En un cuaderno pequeño y prolijo que había hurtado de una de sus hijas universitarias, Cristiano Fernández llevaba las cuentas de sus ahorros, a expensas del tesoro público: tenía ya más de cien millones de dólares, y eso le parecía poco, y quería más, mucho más, todo el poder, todo el dinero, toda la gloria. No pensaba entregar el poder a sus adversarios, qué ocurrencia: si tenía que maliciar un fraude electoral, no vacilaría en hacerlo, porque el gobierno tenía que estar al servicio del pueblo, no de la oligarquía cleptómana. Si tenía que encerrar en calabozos a todos sus enemigos, así lo haría, no le temblaría el pulso. Si tenía que sacar del aire a un canal díscolo o clausurar un periódico hostil, sus abogados encontrarían los atajos legales para silenciar dichas voces críticas. Todo se negocia, menos el poder, pensaba Fernández, pero no lo decía, claro: simulaba ser un demócrata, un republicano, un moderado, un hombre de buena entraña, incapaz de un crimen, de una maldad.
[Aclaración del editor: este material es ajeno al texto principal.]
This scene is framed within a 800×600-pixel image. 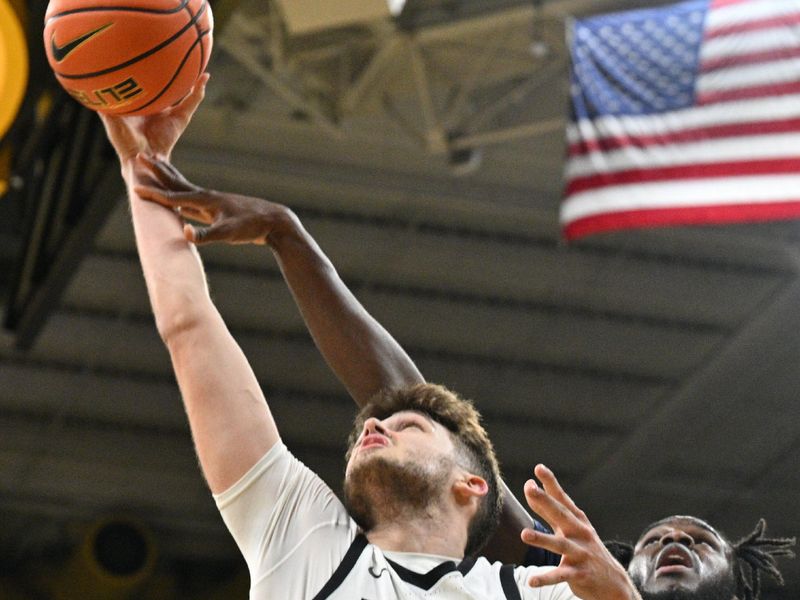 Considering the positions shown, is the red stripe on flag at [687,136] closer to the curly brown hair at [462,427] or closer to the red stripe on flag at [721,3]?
the red stripe on flag at [721,3]

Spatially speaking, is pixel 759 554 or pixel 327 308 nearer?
pixel 327 308

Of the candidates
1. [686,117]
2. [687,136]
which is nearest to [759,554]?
[687,136]

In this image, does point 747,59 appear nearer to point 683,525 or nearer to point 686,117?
point 686,117

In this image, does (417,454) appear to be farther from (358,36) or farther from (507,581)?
(358,36)

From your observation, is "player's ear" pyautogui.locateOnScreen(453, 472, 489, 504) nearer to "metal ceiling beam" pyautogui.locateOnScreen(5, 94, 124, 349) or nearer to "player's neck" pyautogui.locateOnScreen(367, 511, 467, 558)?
"player's neck" pyautogui.locateOnScreen(367, 511, 467, 558)

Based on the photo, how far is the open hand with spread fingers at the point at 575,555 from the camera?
2262 millimetres

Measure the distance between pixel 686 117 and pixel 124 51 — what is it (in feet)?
12.5

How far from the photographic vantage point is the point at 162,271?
2750 mm

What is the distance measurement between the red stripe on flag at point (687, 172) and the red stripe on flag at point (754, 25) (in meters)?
0.68

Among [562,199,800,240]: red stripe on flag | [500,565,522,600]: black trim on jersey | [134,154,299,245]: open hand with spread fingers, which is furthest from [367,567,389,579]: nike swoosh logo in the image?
[562,199,800,240]: red stripe on flag

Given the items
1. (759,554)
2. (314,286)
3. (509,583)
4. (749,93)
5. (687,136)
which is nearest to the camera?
(509,583)

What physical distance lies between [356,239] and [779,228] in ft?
10.8

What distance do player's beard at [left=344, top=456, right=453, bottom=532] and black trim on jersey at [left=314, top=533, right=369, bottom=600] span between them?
102 millimetres

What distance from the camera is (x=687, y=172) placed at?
21.1 feet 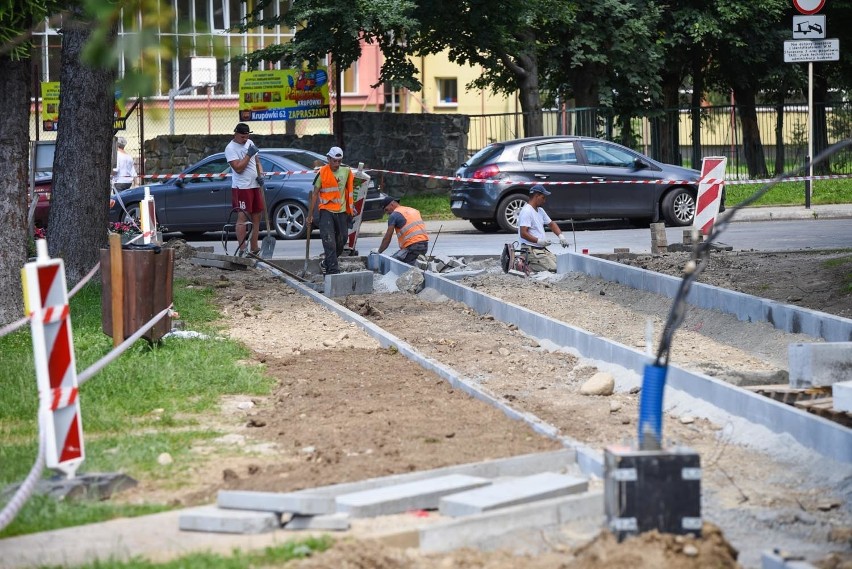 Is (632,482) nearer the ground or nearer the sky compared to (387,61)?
nearer the ground

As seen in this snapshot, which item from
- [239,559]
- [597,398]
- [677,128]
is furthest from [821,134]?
[239,559]

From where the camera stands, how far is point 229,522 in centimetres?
551

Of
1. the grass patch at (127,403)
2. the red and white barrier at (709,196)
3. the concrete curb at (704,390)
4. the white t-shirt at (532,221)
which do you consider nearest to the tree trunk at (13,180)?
the grass patch at (127,403)

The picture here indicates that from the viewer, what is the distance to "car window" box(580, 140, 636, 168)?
2288 cm

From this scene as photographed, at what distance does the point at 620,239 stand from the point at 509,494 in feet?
50.4

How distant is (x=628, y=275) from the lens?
14.5 metres

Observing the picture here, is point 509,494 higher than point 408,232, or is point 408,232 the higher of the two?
point 408,232

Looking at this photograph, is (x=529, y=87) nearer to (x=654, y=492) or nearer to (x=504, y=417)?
(x=504, y=417)

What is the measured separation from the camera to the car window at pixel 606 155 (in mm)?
22875

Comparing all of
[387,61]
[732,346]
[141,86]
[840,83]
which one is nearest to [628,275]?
[732,346]

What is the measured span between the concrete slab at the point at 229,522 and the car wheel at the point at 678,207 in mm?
18029

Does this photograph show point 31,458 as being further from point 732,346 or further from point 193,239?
point 193,239

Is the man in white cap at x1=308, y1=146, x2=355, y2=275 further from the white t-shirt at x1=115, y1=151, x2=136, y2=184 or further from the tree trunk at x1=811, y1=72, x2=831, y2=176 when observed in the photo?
the tree trunk at x1=811, y1=72, x2=831, y2=176

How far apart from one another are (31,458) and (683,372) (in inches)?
162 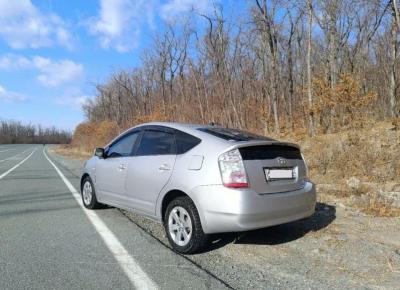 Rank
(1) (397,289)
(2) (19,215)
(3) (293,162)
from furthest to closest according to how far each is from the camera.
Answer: (2) (19,215)
(3) (293,162)
(1) (397,289)

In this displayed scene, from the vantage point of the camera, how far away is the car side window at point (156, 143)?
19.7 feet

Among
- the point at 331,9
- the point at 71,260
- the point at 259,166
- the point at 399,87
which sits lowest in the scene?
the point at 71,260

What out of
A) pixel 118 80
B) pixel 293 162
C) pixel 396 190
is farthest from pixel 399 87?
pixel 118 80

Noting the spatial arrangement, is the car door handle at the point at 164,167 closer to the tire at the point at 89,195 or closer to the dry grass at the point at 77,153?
the tire at the point at 89,195

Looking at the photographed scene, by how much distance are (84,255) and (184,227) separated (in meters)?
1.25

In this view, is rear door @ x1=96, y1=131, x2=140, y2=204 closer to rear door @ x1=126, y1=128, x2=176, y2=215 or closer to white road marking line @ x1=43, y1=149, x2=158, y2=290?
rear door @ x1=126, y1=128, x2=176, y2=215

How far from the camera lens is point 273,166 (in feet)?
17.6

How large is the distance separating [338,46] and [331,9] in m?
9.69

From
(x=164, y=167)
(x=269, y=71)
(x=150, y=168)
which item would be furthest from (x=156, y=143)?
(x=269, y=71)

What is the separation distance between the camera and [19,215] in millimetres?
7945

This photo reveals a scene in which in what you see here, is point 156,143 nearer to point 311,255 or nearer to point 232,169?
point 232,169

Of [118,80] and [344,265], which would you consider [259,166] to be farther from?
[118,80]

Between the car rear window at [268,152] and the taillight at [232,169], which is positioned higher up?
the car rear window at [268,152]

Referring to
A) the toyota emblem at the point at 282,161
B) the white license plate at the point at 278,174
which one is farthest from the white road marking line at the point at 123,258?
the toyota emblem at the point at 282,161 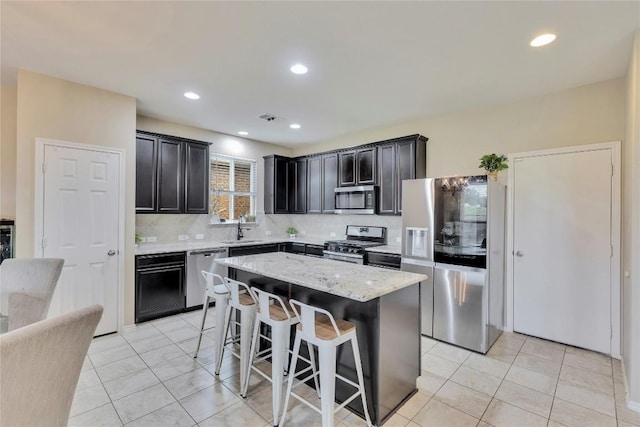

Hasta que ocurrió una desgracia impensada que sorprendió a Cristiano Fernández: la madre superiora, su amiga y cómplice de sus rapiñas y trapacerías, enfermó de coronavirus y murió a los tres días, víctima de una neumonía que llenó de agua sus pulmones. Por supuesto, Fernández acudió a su sepelio, sin saber que, mientras él despedía a su amiga religiosa, la nueva madre superiora, harta de los colchones tan viejos y olorosos en que dormían las monjas, ordenó que un camión de la basura se los llevase todos y adquirió un colchón nuevo para cada monja y una colchoneta para cada novicia. Los basureros se llevaron los colchones viejos, sin saber que dentro de ellos había millones de dólares. Cuando el presidente Fernández se enteró de que había perdido parte de su botín, casi le da un infarto. Pero se repuso cuando comprobó que en la casa vecina al convento aún estaban las valijas enterradas en el jardín, con la mayor parte del tesoro. Desconfiado de la nueva madre superiora, ordenó a sus custodios retirar aquellos bolsos polvorientos, extraídos del subsuelo de la casa contigua al convento y, sin saber qué hacer, adónde ir, cómo esconderlos, resolvió que, de momento, le pediría al Nuncio Apostólico, su amigo, que se los guardase, pues eran dineros que se destinarían a los más pobres, los más necesitados, los desposeídos y desheredados de este valle de lágrimas. El presidente y el Nuncio pronunciaron una oración sentida y luego el arzobispo metió todos los bolsos en el cuarto de huéspedes y lo cerró con llave y candado.
-Cuídeme bien ese dinero -le dijo Fernández-. Y guárdeme el secreto.
Encantado de conspirar, el Nuncio respondió:
-Todo sea por el bien de los pobres, señor Presidente.
Fue así como, sin prisa y sin pausa, el presidente Cristiano Fernández se convirtió en uno de los hombres más ricos de su país, aunque no tenía una casa a su nombre, un auto a su nombre, una cuenta bancaria a su nombre.
-¡Hemos salido de la pobreza! -gritaba, en sus discursos, pero, en realidad, se refería a sí mismo, no a sus compatriotas.